The questions aren’t just about Biden’s years in office. Responding in April to the women who accused him of unwelcome physical contact, Biden acknowledged that he’d come up in a different era, and that he knew he’d need to change with the changing times. He snaps sometimes. He can ramble. The references can be dated, as when shortly after he launched his campaign, he mixed up Theresa May and Margaret Thatcher. When he has these gaffes, rivals and pundits ascribe added significance. He is deft with selfies, but also defends himself by pointing out things like being the deciding vote on the Gurney Amendment (which happened in 1974). Since he entered the race this spring, he’s spent more days off the trail than on (though, notably, he often meets with supporters for longer than his rivals, and on the day of that big fish-fry event in South Carolina two Fridays ago, he was the last candidate to leave).

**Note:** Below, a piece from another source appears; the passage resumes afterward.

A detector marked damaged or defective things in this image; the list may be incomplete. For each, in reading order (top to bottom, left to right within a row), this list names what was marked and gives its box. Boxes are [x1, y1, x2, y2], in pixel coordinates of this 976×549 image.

Then there was his exchange with Senator Kamala Harris of California at last week’s debate, when she went after him for his opposition to public-school busing in the 1970s. Biden’s surprised response prompted a number of people to use the words old and weak with me. Calling him out of touch and unapologetic is how the Harris campaign has kept going after him, even as Biden and his aides have responded by calling her grasping and opportunistic (including by pointing to comments on Wednesday in which Harris got tangled up trying to give her own position on busing).
Or there’s the story he told last weekend at a Seattle fundraiser, of how it would have been okay to make fun of a “gay waiter” five years ago. He told the same story in 2014, as having been okay 15 years before. Five years ago, he illustrated the story with an imitation of the waiter, with a put-on lisp.